Emma shook her head. “No reason to.”
JJ drifted toward the right-hand hallway, which led to the living room and their father’s study. The hall where they’d found their mother. “It was here,” she said, looking down at the stain.
Emma joined her, setting her glass on the closed lid of the piano as she passed. “We tried to get the stain out, but it looks like we’re going to have to patch the whole section of floor,” she said.
Juliette rubbed a toe idly against the edge of the dark blotch. “And Dad was…” She moved forward with an unhurried kind of purpose. She pushed open the office door but stayed back. Emma joined her.
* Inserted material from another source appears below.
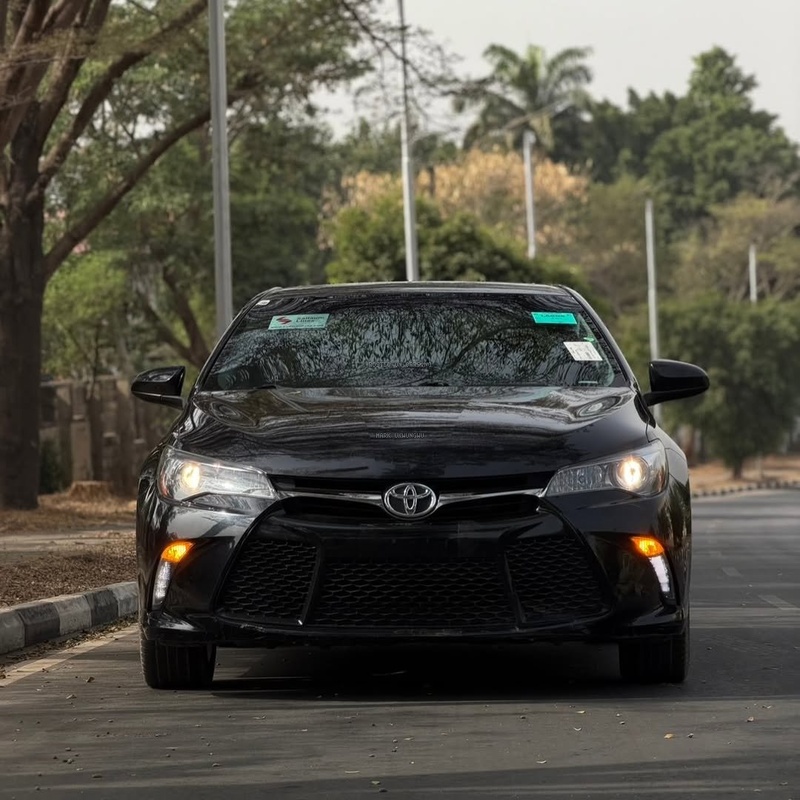 Foreign Used 2016 Toyota Camry XSE for Sale In Abuja image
The room was arranged around that spot, now bare, from which heruled his kingdom. They hadn’t been allowed in here without explicit invitation. Now JJ stepped cautiously over the threshold.
“He was facing away from the door,” she said. She lifted her hand, almost as if she were holding a gun. Barrel to the back of the head, boom. She seemed to realize what she was doing and dropped her hand, then walked quickly over to the wall and set her fingers against a gouge in the wainscotting. “This must be where the bullet lodged.”